## Working data
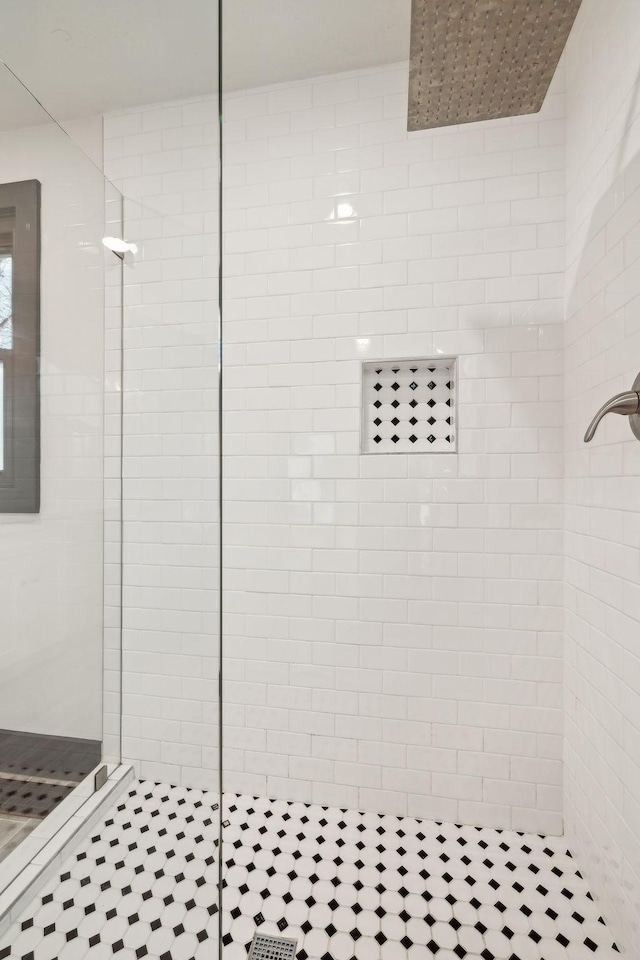 bathroom with a tile shower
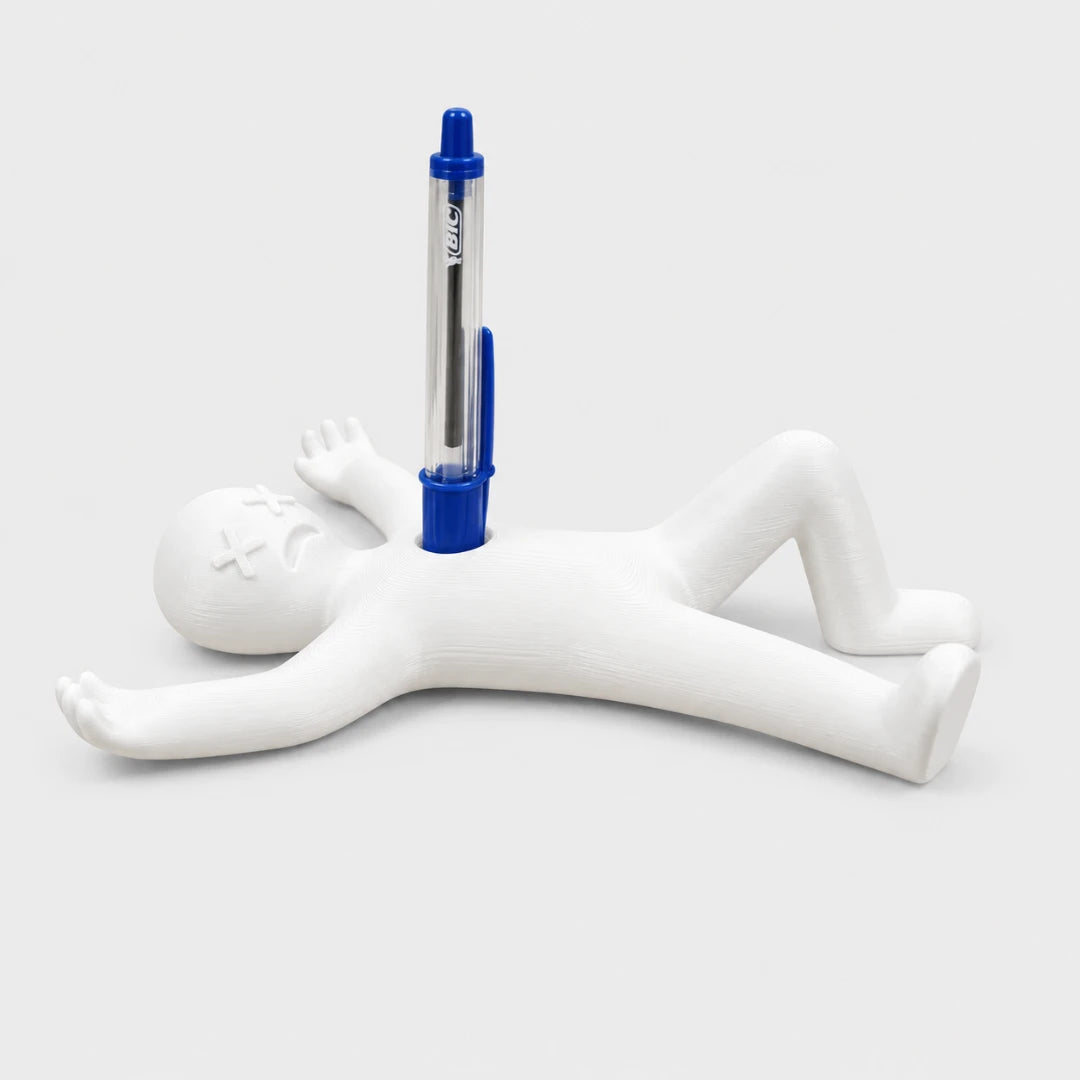 Josh & Tate - DeadDrop™ Desk Pen Stand - A white figurine of a person lying on their back with their arms and legs extended, holding a blue and silver pen vertically between their chest and head. The pen features the brand name 'KAWS' printed on its barrel.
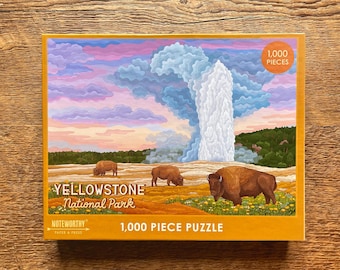 May include: A 1,000 piece jigsaw puzzle featuring a scenic view of Yellowstone National Park. The puzzle depicts a geyser erupting with a cloudy sky and three bison in the foreground. The puzzle box is orange with the text "Yellowstone National Park" and "1,000 Piece Puzzle".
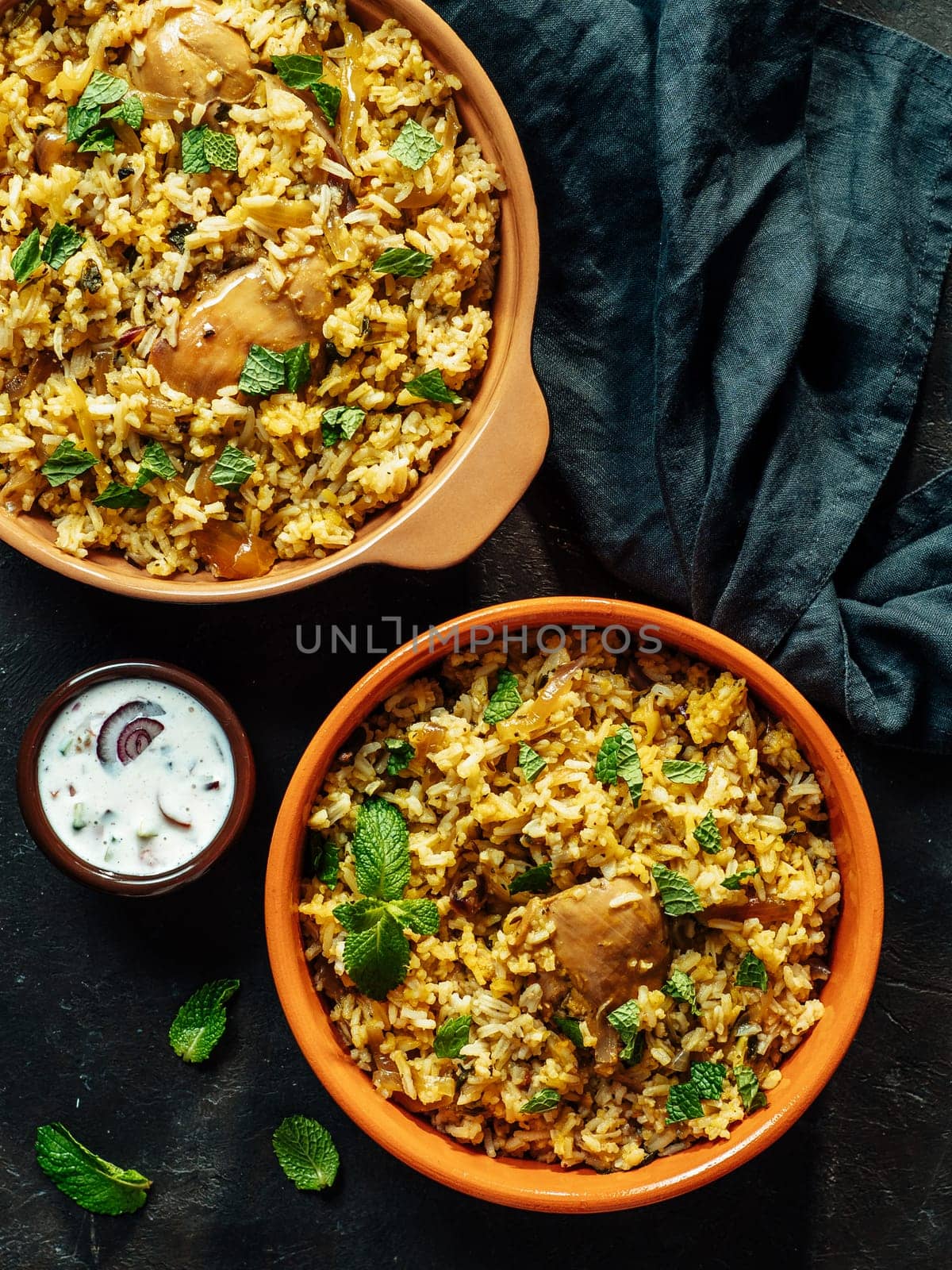 Pakistani food - biryani rice with chicken and raita yoghurt dip. Delicious hyberabadi chicken biryani in two bowl over black background. Top view or flat lay. Vertical.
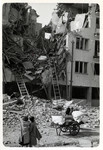 Two Polish women look at the destruction of an apartment building in besieged Warsaw.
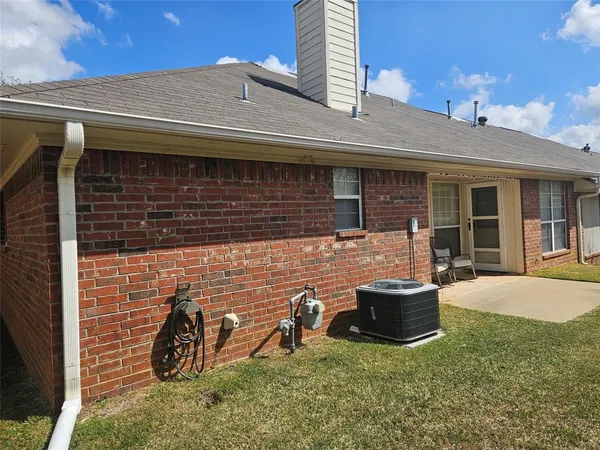 a backyard of a house with seating space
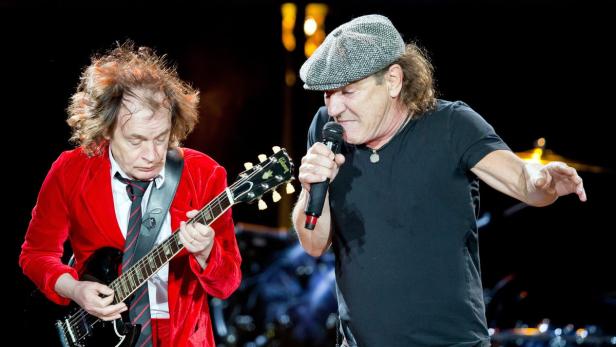 Angus Young spielt Gitarre, während Brian Johnson von AC/DC singt.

## Task to complete
Repeat verbatim the lines between the start of the data and the line containing "Josh & Tate", both ends included, omitting all pictures.

## Written solution
 bathroom with a tile shower
 Josh & Tate - DeadDrop™ Desk Pen Stand - A white figurine of a person lying on their back with their arms and legs extended, holding a blue and silver pen vertically between their chest and head. The pen features the brand name 'KAWS' printed on its barrel.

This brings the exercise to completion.